Un 17 de marzo, hace cuatro años, había mucho viento y mucho sol. Esa mañana me levanté muy temprano, entre emocionada y ansiosa. En la cocina de aquella casa a dos cuadras de la playa, mis sobrinos, que hasta ese momento eran sólo tres, estaban tomando sus mamaderas y vasitos de leche. Sus papás, entre lagañosos y despeinados, intentaban arrancar el día.
Abrí la puerta y salí, descalza, y me fui a la playa. Sólo se escuchaba el arrullo del mar y algunas gaviotas que también amanecieron con la luz del sol. Y caminé, y caminé, y sonreí, y me emocioné, y agradecí, y agradecí, y agradecí. Unas horas más tarde, con este telón de fondo, y con cientos de amigos, celebramos nuestro casamiento.

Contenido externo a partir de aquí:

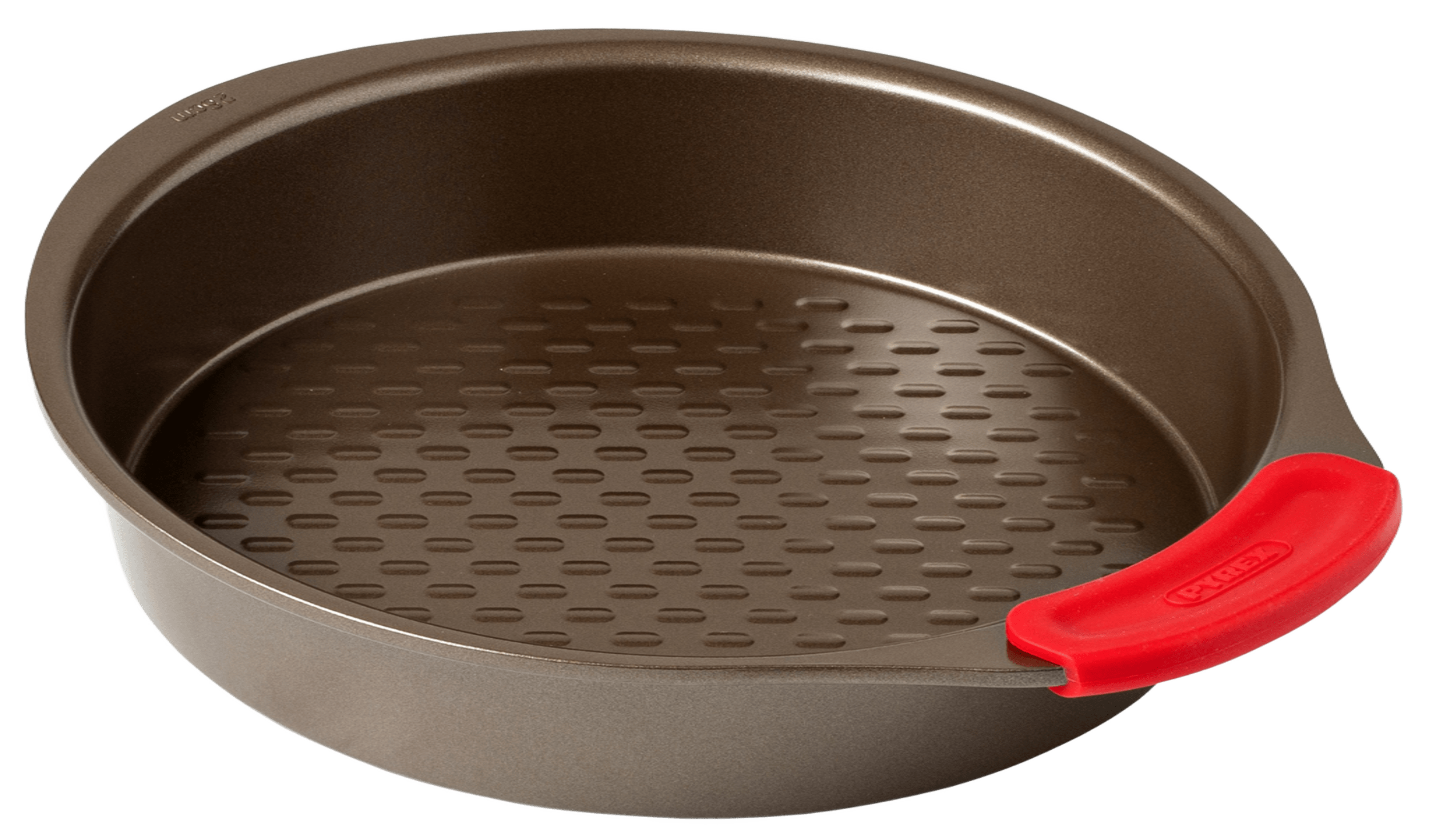 Замовити Форма для пирога Pyrex New Asimetria, 26 см в інтернет магазині luminarc.in.ua за вигідною ціною дешево, оптом і роздріб.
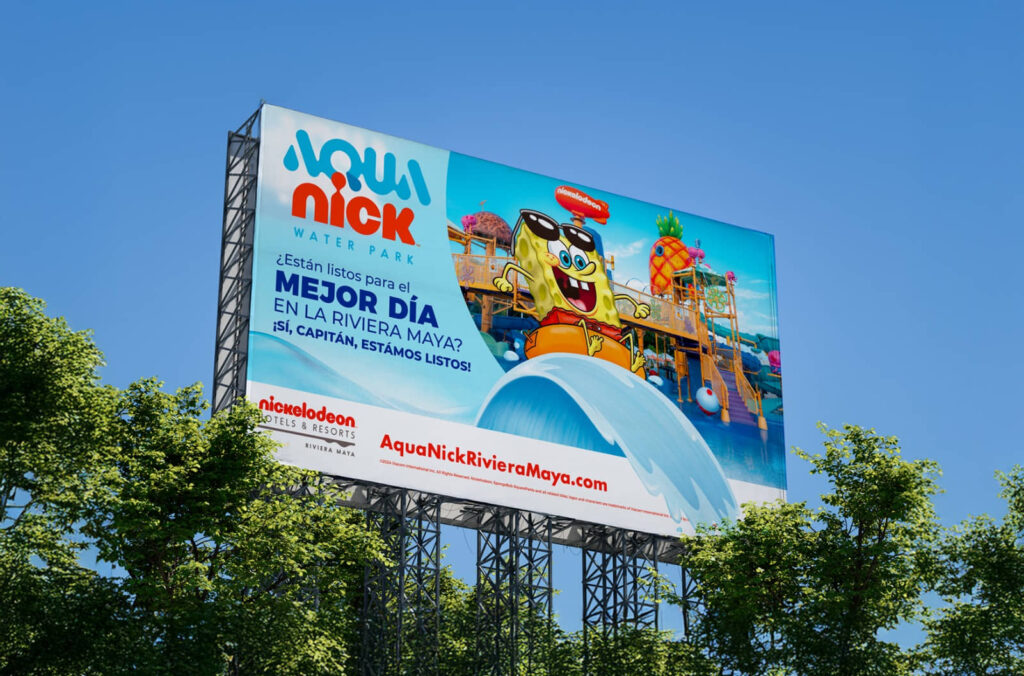 Aqua Nick Riviera Maya recibe en Alemania máximo reconocimiento de la industria de entretenimiento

Fue de los días más lindos que recuerdo en mis 34 años de vida. No solo porque empezamos a formar nuestra familia, sino porque entendí más claro que nunca, que no hay mal que por bien no venga. Que si las cosas cosas suceden, es porque convienen.
Cuatro
años antes de aquel día mágico en la playa, un 17 marzo, bien lejos del
mar, mi novio de aquel entonces, con quien habíamos estado juntos 8
años y estábamos organizando nuestro casamiento, me decía que no quería
estar más conmigo. Quiso la Vida y el destino que una fecha tan triste
para mi se transformara en uno de los días más felices que pueda
recordar. Una señal clara, clarísima, casi un guiño desde Algún Lado, de
que todo se transforma. De que nuestros planes son ínfimos comparados a
los que nos tiene la Vida. De un cachetazo, me dieron la mejor lección.
Fue la única manera que tuve aprenderla. Hoy, cuando algún plan se
desbarata -casi todos los días-, intento volver a ese 17 de marzo, al
del sol, al del viento y al de cientos amigos celebrando, para entender
que si las cosas pasan, es porque convienen. Y porque de verdad, a la
vuelta de la esquina, nos está esperando algo mejor.
Groso!!! Impresionante vivencia y leccion. Aunque nos cueste vislumbrarlo a veces, siempre los planes del de arriba son mas sabios que nuestros pequeños grandes planes.